• Exercise: Only the pictures are to be omitted; everything else in the listing must be reproduced exactly.

• Dataset excerpt:
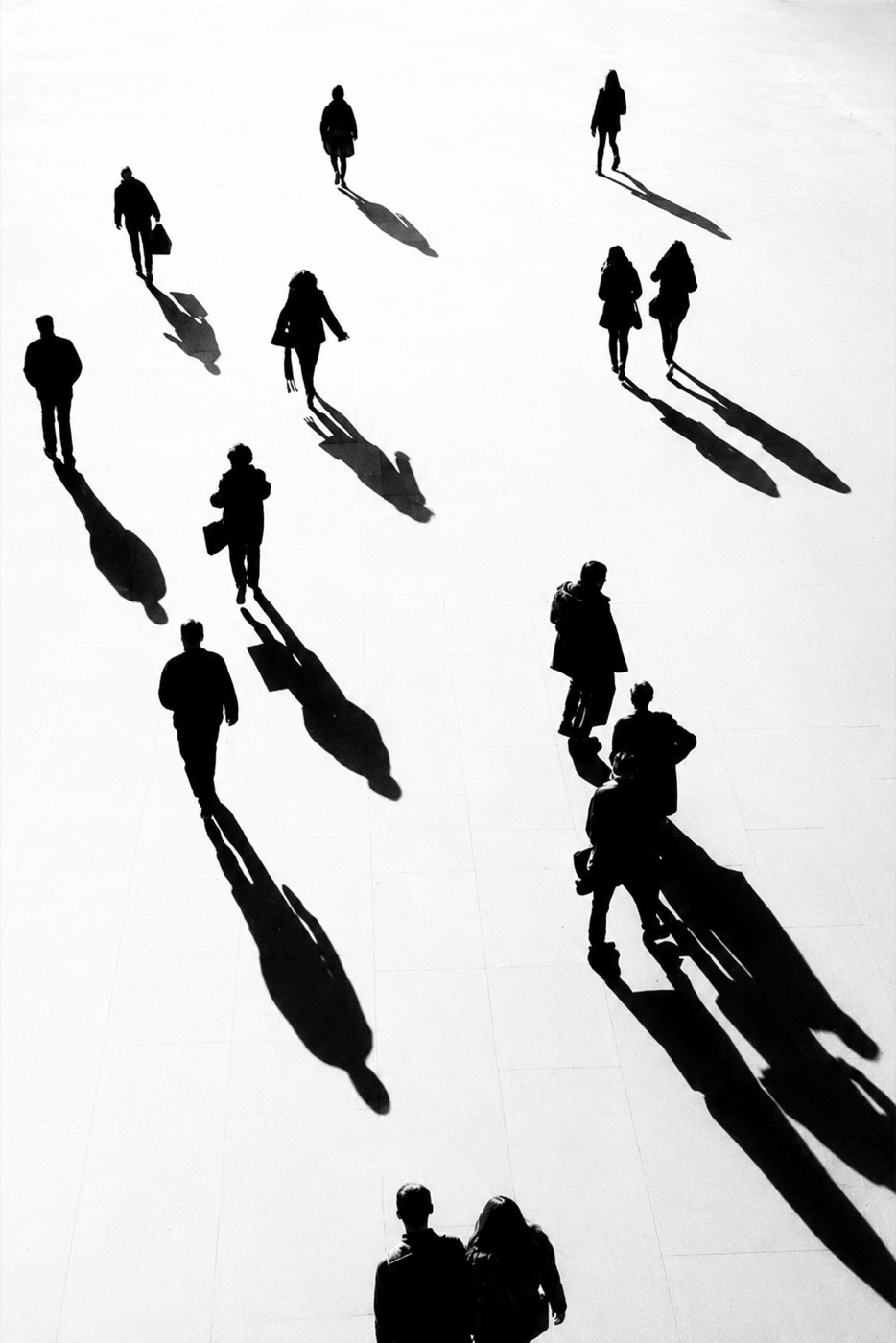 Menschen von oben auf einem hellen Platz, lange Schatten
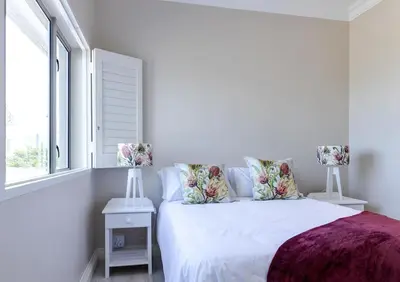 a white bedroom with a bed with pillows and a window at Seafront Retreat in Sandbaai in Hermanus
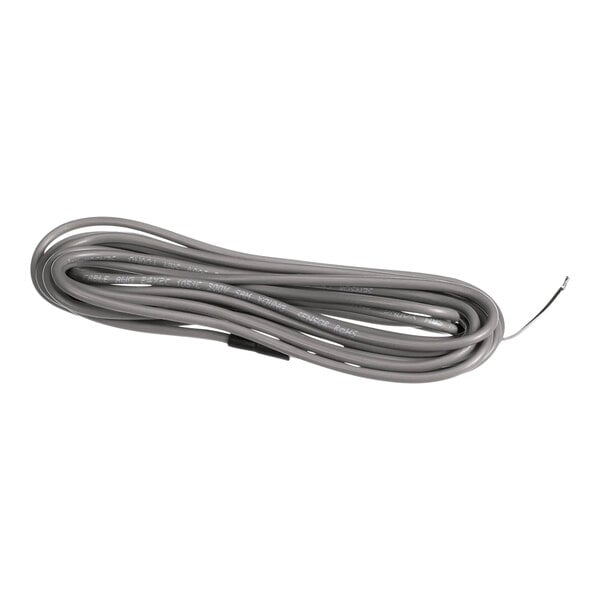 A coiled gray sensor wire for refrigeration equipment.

• Task answer:
 Menschen von oben auf einem hellen Platz, lange Schatten
 a white bedroom with a bed with pillows and a window at Seafront Retreat in Sandbaai in Hermanus
 A coiled gray sensor wire for refrigeration equipment.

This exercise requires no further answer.